Well, and for the survivalist on the go... shoddy workmanship, though, in my opinion.

Hala Ranch is an ideal US-based location for your own zombie fortress, if you decide to stay on land.
posted by Unicorn on the cob at 10:08 PM on May 6, 2011


kind of all-or-nothing regarding privacy, too.

I'm sure you can still get blinds for it, like any other house with lots of windows.
posted by chundo at 10:43 PM on May 6, 2011


Splunge: We promise not to shoot you. But if somebody does threaten to, I'd try poutine and beer* before hockey skates.

* As long as it's not American Beer. If it is, there will definitely be shooting.
posted by empatterson at 11:22 PM on May 6, 2011


I have heard zombies will eat Tim Bits in preference to brains.
posted by arcticseal at 11:27 PM on May 6, 2011 [1 favorite]


mrzarquon:

Still being directed by Paul WS Anderson. Damnit.

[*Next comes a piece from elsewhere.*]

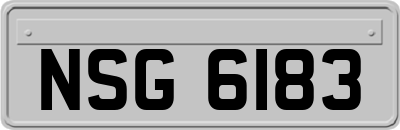 NSG6183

I sometimes get brain whiplash when I read his name and realize it's not the good Paul Anderson (there will be blood, etc), but the bad Paul Anderson someone is talking about
"

Well I just read this as Wes Anderson and got all excited. Bill Murray plays a good zombie!
posted by hydrophonic at 11:31 PM on May 6, 2011


Actually I love the concept of poutine. But I just came back from Seattle so I hope you have Mac and Jack.
posted by Splunge at 12:16 AM on May 7, 2011


I see what you mean about the clouds being the same, but if that's a rendering I'm gobsmacked.
Probably just for effect they Photoshopped in the closing/closed doors and shutters onto the same image of the house, so it would look cool as a slideshow.
But it's not actually built of concrete, but some sort of light panel cladding on a frame. It would probably still do the job, and it still proclaims the loving message of brutalism - the only sort of language that these zombies understand.
posted by Flashman at 12:24 AM on May 7, 2011


I dunno, anyone rich enough to build a house like this probably has an underground bunker stockpiled with food to last 5 years or more.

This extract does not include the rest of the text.